Pacientemente esperava pela minha vez no posto da caixa 3 de um hipermercado. Dentro do pequeno carro de compras que me acompanhava, continha meia dúzia de coisas. Mesmo à minha frente, um casal, aparentemente jovem, fazia passar as suas compras por aquele apito infernal da caixa que, apesar da hora já tardia, confesso que me irrita sempre seja a que horas for.
O casal, também não carregava no seu carro de compras muita coisa, o que me aliviou de certa forma criando a certeza que depressa sairia dali. Não gosto de ir às compras, irrita-me e não tenho paciência nenhuma para isto.
Enquanto via a passagem das compras do casal a fazer a viagem entre o carro e a caixa 3, depressa ia ajeitando as minhas para as colocar naquela espécie de tapete rolante que volta e meia baralha o nosso saco de cenouras com as cebolas do “ vizinho “.
Chegou o momento do jovem casal pagar a sua conta. Não me apercebo do valor mas fiquei com a percepção que algo de estranho estaria a acontecer. Estava tudo muito demorado e a minha esperança de sair dali tão rapidamente como entrei, estava a atormentar o meu estado de espírito já de si bastante inquieto.
Depressa, não procurando razões para sentir tal demora, dei comigo a olhar para aquele jovem casal a devolver alguns bens ao carro.
Foi aí que o tempo parou, o meu coração acelerou enquanto uma pequena lágrima transparente escorria pela cara da jovem rapariga que não conseguiu conter a vergonha. Foi naquele momento que me arrepiei, que pensei que também poderia ser eu ali, a ter que devolver compras básicas. Foi naquele momento, que senti o mundo a cair em cima de mim.
Poucos se teriam apercebido disto. Talvez só eu e a senhora da caixa 3 que pela seu frieza e forma de actuar já estaria habituada a tantas histórias iguais a esta.
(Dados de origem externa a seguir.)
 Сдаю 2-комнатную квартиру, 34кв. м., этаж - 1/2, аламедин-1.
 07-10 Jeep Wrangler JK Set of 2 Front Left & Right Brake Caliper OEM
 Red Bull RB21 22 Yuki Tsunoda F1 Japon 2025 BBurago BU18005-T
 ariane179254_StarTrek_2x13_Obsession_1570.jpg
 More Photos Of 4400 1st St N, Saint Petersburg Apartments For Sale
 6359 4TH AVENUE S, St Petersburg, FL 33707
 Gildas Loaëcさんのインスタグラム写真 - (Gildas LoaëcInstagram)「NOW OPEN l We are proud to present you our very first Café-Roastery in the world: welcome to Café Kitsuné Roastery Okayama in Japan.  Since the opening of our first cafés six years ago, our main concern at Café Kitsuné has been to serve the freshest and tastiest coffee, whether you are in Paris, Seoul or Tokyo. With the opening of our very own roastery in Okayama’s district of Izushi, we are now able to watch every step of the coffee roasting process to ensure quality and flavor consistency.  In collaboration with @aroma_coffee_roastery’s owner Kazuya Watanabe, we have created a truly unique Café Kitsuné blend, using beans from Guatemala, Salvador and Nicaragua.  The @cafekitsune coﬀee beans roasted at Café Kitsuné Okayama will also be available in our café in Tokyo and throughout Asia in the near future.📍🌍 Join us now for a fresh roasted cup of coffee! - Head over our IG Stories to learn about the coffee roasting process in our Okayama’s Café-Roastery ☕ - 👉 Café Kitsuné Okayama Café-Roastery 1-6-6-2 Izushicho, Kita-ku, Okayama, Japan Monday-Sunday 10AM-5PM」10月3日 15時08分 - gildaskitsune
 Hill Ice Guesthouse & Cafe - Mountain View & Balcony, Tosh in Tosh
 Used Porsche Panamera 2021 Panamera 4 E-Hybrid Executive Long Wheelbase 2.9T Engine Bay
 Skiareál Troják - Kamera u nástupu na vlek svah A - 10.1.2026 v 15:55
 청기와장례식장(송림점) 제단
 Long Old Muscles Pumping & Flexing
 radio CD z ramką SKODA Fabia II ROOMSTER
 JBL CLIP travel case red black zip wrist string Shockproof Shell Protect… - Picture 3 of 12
Mas eu não estava preparado para ver isto.
O seu companheiro, que lhe segredou umas palavras, supondo eu de conforto, continuou a devolver ao carro mais alguns produtos, até que a conta final estivesse de acordo com a carteira do jovem casal.
Não me recordo de assistir a algo tão doloroso, tão forte e tão difícil de ver.
O que eu temia e o que me encheu de vergonha, hoje também me fez chorar.
Não me recordo de gostar de ir compras, e afinal, alguma razão me assiste.
Hoje, pode ser doloroso ir só comprar meia dúzia de coisas, não só porque o preço dos bens essenciais aumentou exponencialmente, mas porque também nos pode partir o coração.